Camille Paglia rattles off as much bullshit as anyone in her campaign against bullshitters. She is living proof that there is such a thing as being too cynical. But there is something about her posture that resonates. Her frustration with and distaste for status quo elitism I get. The spears she hurls at kneejerk liberalism and at epistemological masturbation passing for activism, are well-honed, well-aimed and well-deserved. When she writes about poetry she is insightful and — especially when she's wrong — thought-provokingly funny, evincing dimensions that most academics are afraid to show or lack entirely. In fact she gives the impression of being able to handle many things which others of her profession would react to like a virgin confronted by a man in a dirty raincoat.

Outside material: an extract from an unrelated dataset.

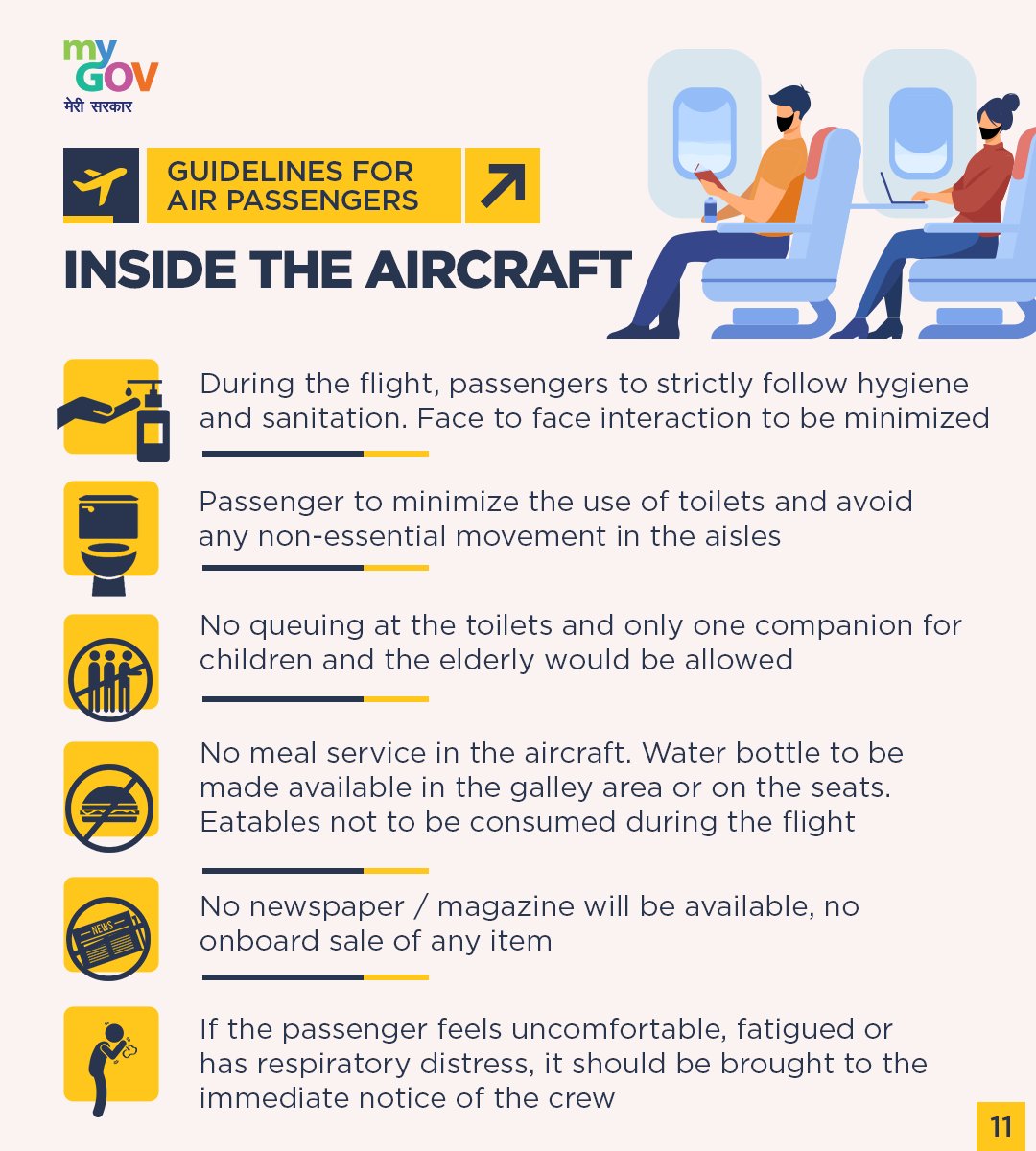 Guidelines to be followed by passengers inside the Aircraft.  #IndiaFightsCorona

I get where her unbleeding heart is at in quite a few ways, actually, and it worries me. It worries me because, a bit like Chris Hitchens, her disgruntlement with the turn the contemporary left has taken easily allows her to slip into the role of guns-a-blazing reactionary. Her discussions of religion are antiquarian mystification sometimes amounting to little more than gauded woo-woo. Her obtuseness about the danger of Trump was, and is, frightening. Her almost paranoid preoccupation with social decadence is alarmingly familiar. Her Freudianism remains garbage no matter how well she recycles it. These things leave an intractably foul taste on the brain. Worse, she seems to find a subtle appeal in Chaos. I remember passages where she seems almost to relish the prospect of atavistic devastation befalling society if it would only toughen us all up. She is an excellent negative example, a cautionary tale of a good mind gone wrong. Contemporary dystopia has fucked her brain and the high horse it rode in on.

I have uttered stinkers and stupidities in my time, to be sure, but I hope at least I never become this much of an intellectual fuck-up.